Strategy developed to power finance ‘engine’ of economy
A BLUEPRINT to power the ‘engine’ of the Guernsey economy – the finance sector – in the coming years has been published.
The finance sector policy framework has been developed by Economic Development and industry body Guernsey Finance with the goal of building on the industry’s existing strengths and wider trends.
It sets out priorities to ensure a flourishing sector, which include green and sustainable finance as well as family office and private wealth services. Fintech, funds – global distribution and product development – along with wealth management, investment and brokerage services have also been identified as priorities.
The framework also incorporates approaches and objectives to other sectors including insurance and pensions as well as setting out a clear geographic focus for development.
It forms part of the economic development strategy set out by Economic Development and approved by the States in June 2018. The strategy has been developed by Guernsey Finance in partnership with business through working groups – made up of industry, government and the regulator – to ensure a jurisdiction-wide approach.
‘Financial services are the engine of our economy. A decade after the financial crisis and with Brexit looming, we felt it was right to review our strategy for the finance sector in Guernsey,’ said Charles Parkinson, president of Economic Development.
‘It sets out our priorities, principles, objectives and approach to deliver continued growth and innovation in the sector going forward, and demonstrates that Guernsey remains a premier league finance centre that is avowedly open for business.’
Deputy Lyndon Trott, Guernsey Finance chairman, said the island’s specialist finance sector played an important role in the global economy, connecting investors and markets. Guernsey also had proven its credentials as a responsible global finance centre with an ‘impeccable’ track record and commitment to transparency.
‘The global economy continues to provide challenge and opportunity.
‘Competition is fiercer, the regulatory environment tougher,’ he added.
‘We are not complacent because we know that to remain successful, we must ensure that we continue to create the best conditions on-island for firms to succeed.
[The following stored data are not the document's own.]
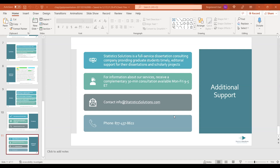For those who may not have seen it, within 48 hours there will be a copy of the webinar sent out. And again, if you want to know more about what services we offer, contact info at statisticssolutions.com in order to schedule a complimentary 30-minute consultation between the hours of 9 a.m. and 5 p.m. Eastern time, Monday through Friday. Our phone number is 877-437-8622.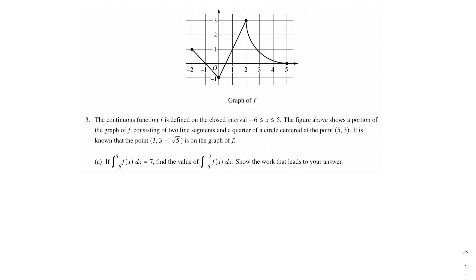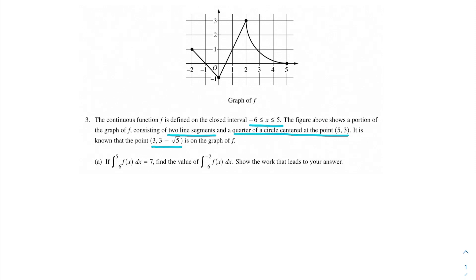My AP Calc champions, in this problem we're going to be talking about this continuous function f. Function f is defined on the closed interval negative 6 to 5. The figure above shows a portion of the graph of f consisting of two line segments and a quarter of a circle centered at the point (5, 3). It is known that the point (3, 3 minus the square root of 5) is on the graph of f. Part A asks us: if the integral from negative 6 to 5 of f(x) dx is 7, find the value of the integral from negative 6 to negative 2 of f(x) dx.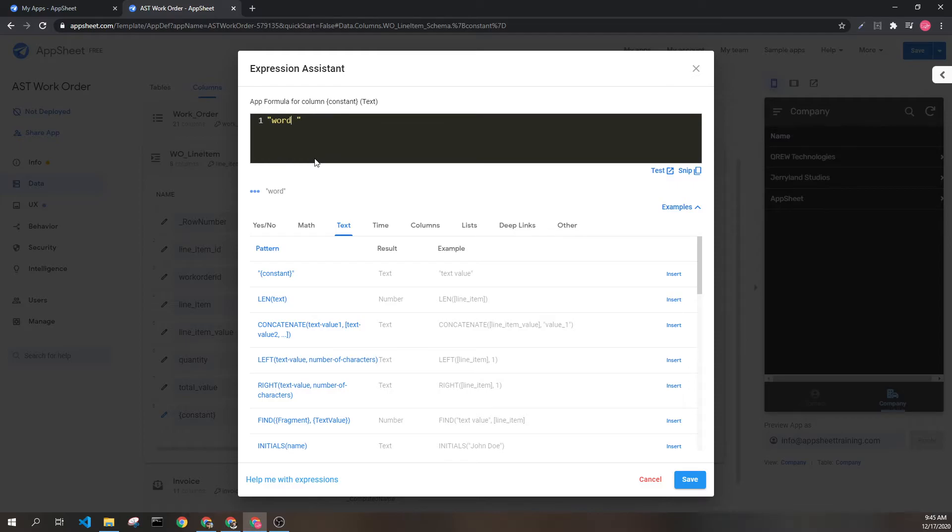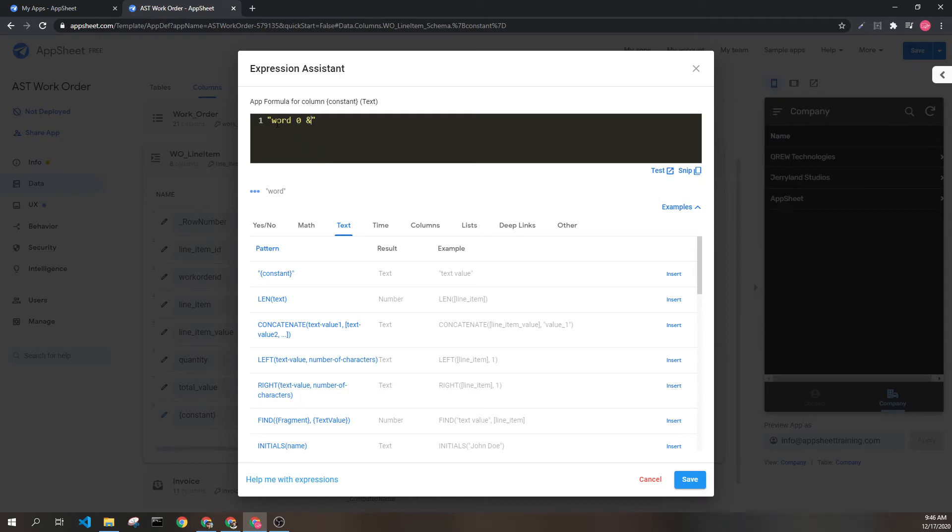Space also counts as a character. Numbers count as characters. Symbols count as characters. All of these things are going to be portrayed as you can see here as a text value.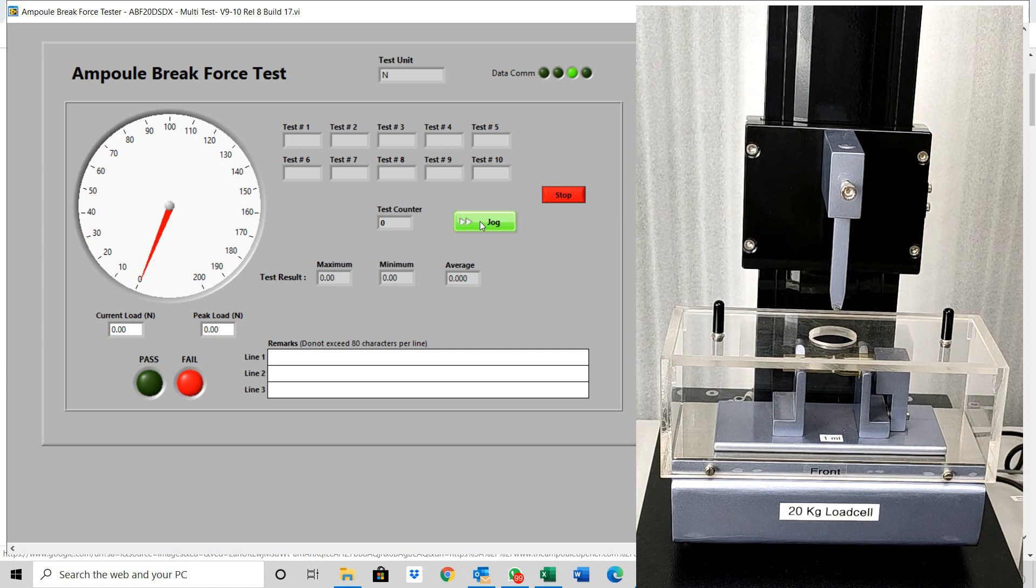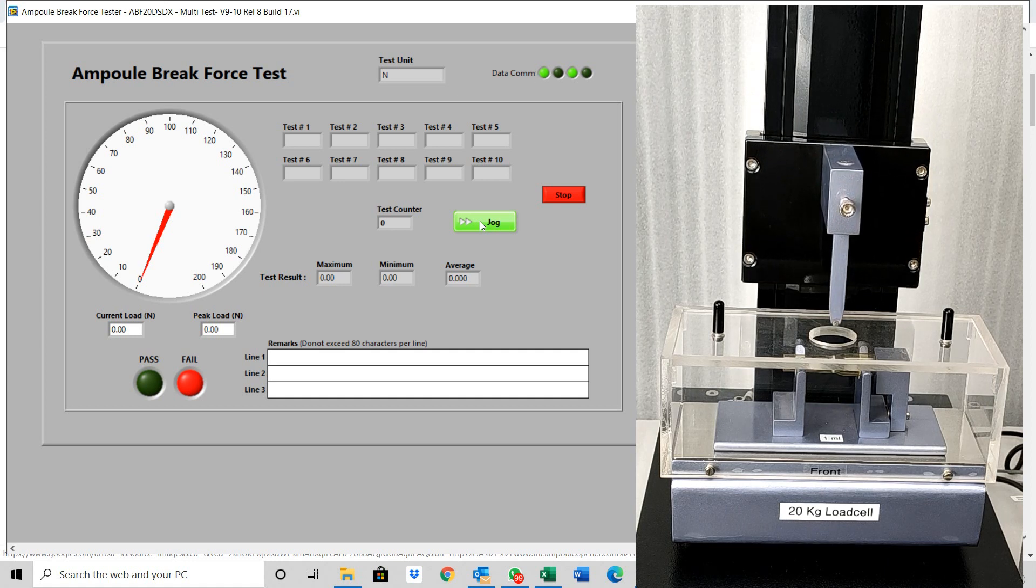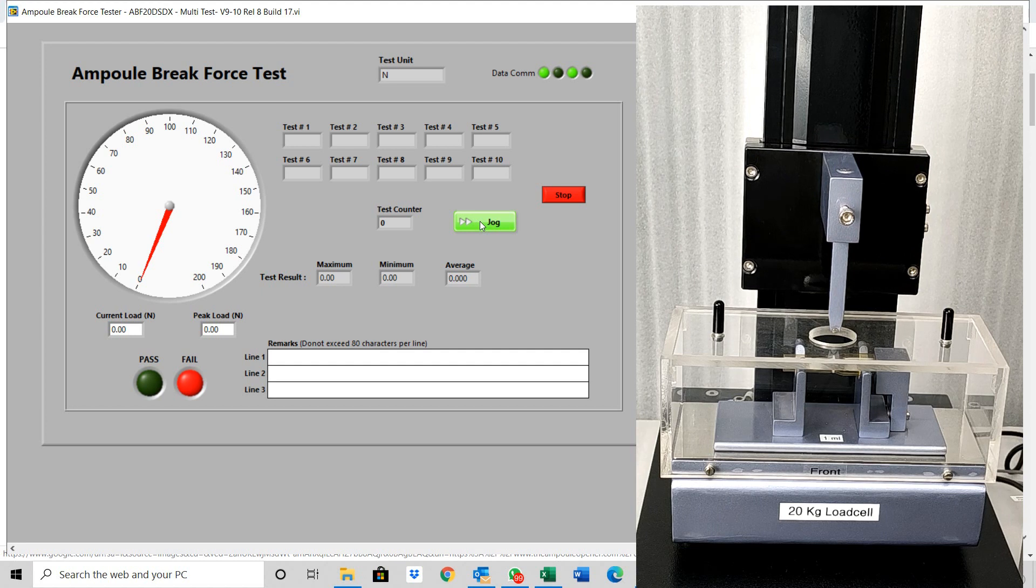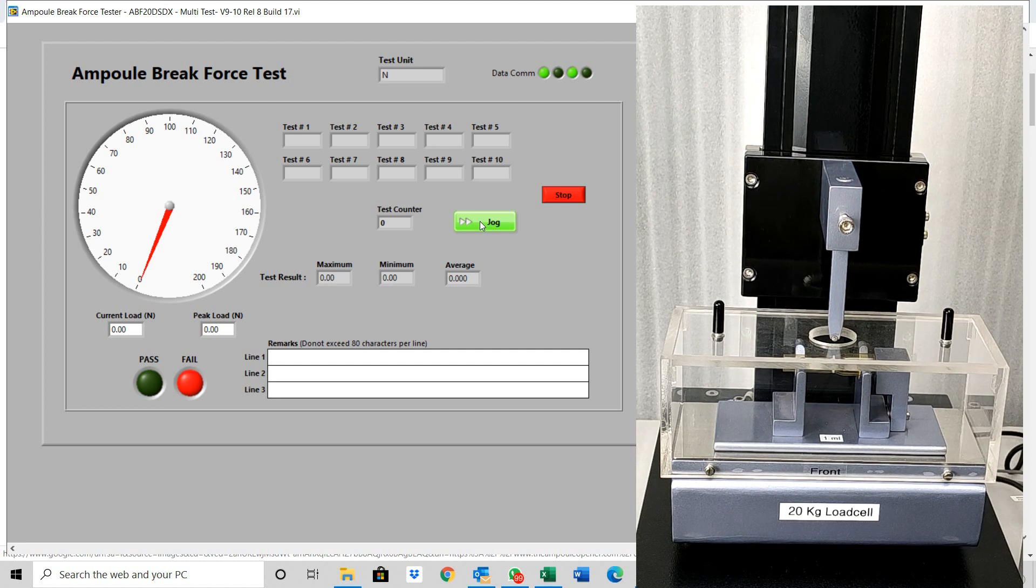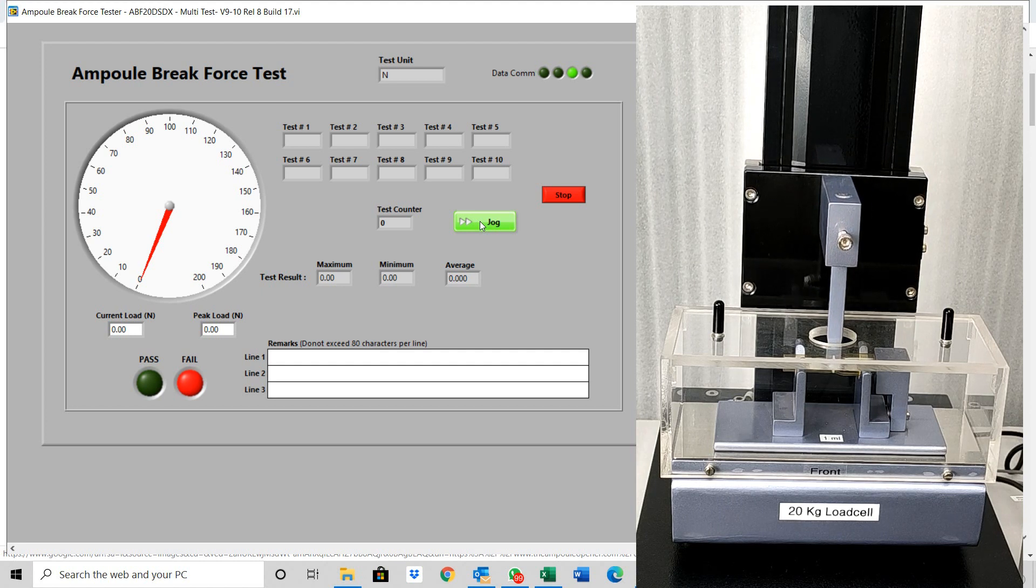When the wedge comes very close to the sample, press jog again to make the machine move at slow speed.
To do that, it is important that we set out this clear strategy for future competitiveness.’
David Oxburgh, chairman of the Guernsey International Business Association, said the framework and work streams within it had been informed through close engagement with industry on opportunities for the finance sector.
With work already moving forward, including on green finance, he added: ‘Giba welcomes the approach of Guernsey Finance and the Committee for Economic Development to build a partnership with industry in order to grow the finance sector, which in turn will deliver sustainable benefits and prosperity to Guernsey.’
A steering group, chaired by Andy Sloan, deputy chief executive, strategy, Guernsey Finance, will advise on the ongoing development of strategy and report on progress to Economic Development and the finance sector forum. Its first meeting will be in January next year.
It will also look to ensure its approach is aligned with other government steering groups, such as Digital Guernsey.